I reindexed f44 to include all the missing indices from 0-359:

f44i = f44.reindex(np.arange(0,360))

When I interpolate (using quadratic) and plot the figure, it's apparent that the result doesn't interpolate between the first/lowest bearing and the highest:

f44i = f44i.interpolate(method='quadratic')
f44i.plot()

How can I interpolate this data in a way that will fill in between 0 and 360 degrees? The pandas Series.interpolate documentation does not appear to have anything built-in, nor does the scipy documentation.

Answer 1

I have an alternative approach to this problem using scipy to interpolate onto a closed curve. First, I converted your data from (deg, ssi) to psuedo cartesian coordinates (x,y) assuming deg is the polar angle and ssi is the (negative) of the radial distance. Then you can use the method defined here to interpolate a closed curve onto a set of (x,y) points.

import numpy as np
import pandas
import matplotlib.pyplot as plt
from scipy import interpolate

dic = {'deg': [4.0, 59.0, 162.0, 267.0, 319.0],
       'ssi': [-69, -73, -73, -61, -75]}

f44  = pandas.DataFrame(data=dic)

'''
Now, lets do the following. Convert your data from (deg, ssi) to (x,y)
where x = ssi* cosd(deg), y=ssi*sind(deg).
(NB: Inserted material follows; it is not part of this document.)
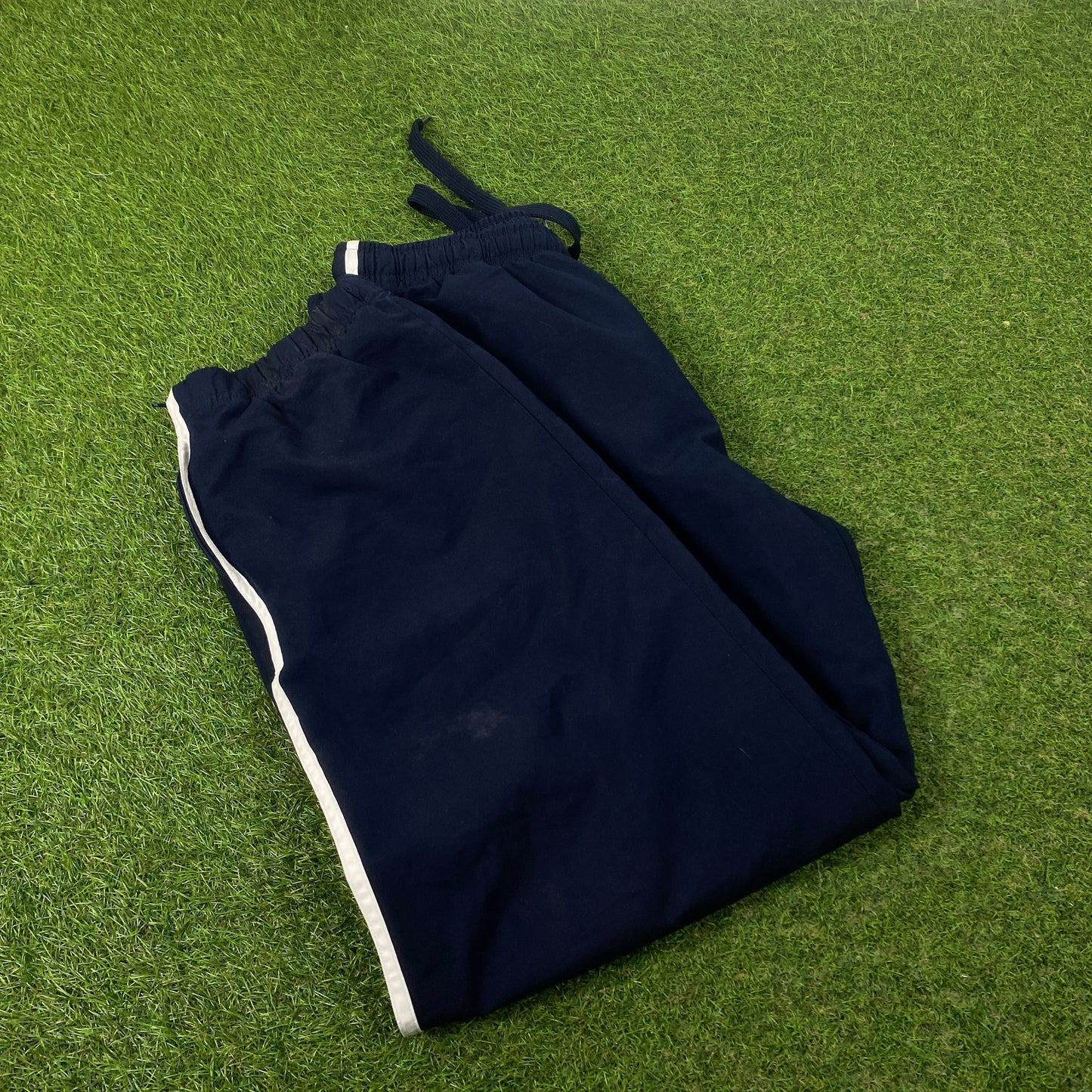 00s Nike Piping Joggers Blue Large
Now we need to interpolate a closed
curve onto these set of cartesian points.  
'''

f44['x'] = -f44['ssi']*np.cos( np.deg2rad(f44['deg']))
f44['y'] = -f44['ssi']*np.sin( np.deg2rad(f44['deg']))

x = f44.as_matrix(columns=[f44.columns[2]])[:,0]
y = f44.as_matrix(columns=[f44.columns[3]])[:,0]
x = np.r_[x, x[0]]
y = np.r_[y, y[0]]

tck, u = interpolate.splprep([x, y], s=0, per=True)
xi, yi = interpolate.splev(np.linspace(0, 1, 1000), tck)

# Save interpolated data to new dataframe. 
f44i = pandas.DataFrame(data = {'x':xi, 'y':yi})

f44i['deg'] = np.rad2deg( np.arctan2(f44i['y'],f44i['x']))
f44i['ssi'] =-np.sqrt( f44i['x']**2 + f44i['y']**2)

for i,l in enumerate(f44i['deg']):
    if l < 0:
        f44i['deg'][i] = 360 + f44i['deg'][i]

fig, ax = plt.subplots(1, 1)
ax.plot(f44i['deg'], f44i['ssi'], '.', markersize=0.5)
ax.plot(f44['deg'], f44['ssi'], '.', color='red')
plt.show()

Now we get a curve that looks like the one below. (re-converted from the psuedo cartesian coordinates to your preferred (deg, ssi) coordinates). Also, I have created a new dataframe to replace the f44i you created. You can make this code more suitable for your specific application.

Answer 2

I'm not convinced this is the best way to do this, but it seems to work. Please add something if there is a better way.

Since I'm only interested in 0-360 degrees, I can duplicate the dataset from -360-0, and 360-720, expanding my original data set to the left and right, like so:

import numpy as  np    

# Create left side
f44il = f44i.copy()
f44il.index = np.arange(-360,0)

# Create right side
f44ir = f44i.copy()
f44ir.index = np.arange(360,720)

Interpolating and plotting the result looks promising (the third command shows 0-360 in a different color):

f44expanded = pd.concat([f44il, f44i, f44ir]).interpolate(method='quadratic')
f44expanded.plot()
f44expanded[np.arange(0,360)].plot()

Then I can just create a new series from the interpolated data with an index from 0-360, which looks like it gives me exactly what I want:

f44final = f44expanded[np.arange(0,360)]
f44final.plot()

I suspect there is a better way to do this, so feel free to add an answer if you know of one.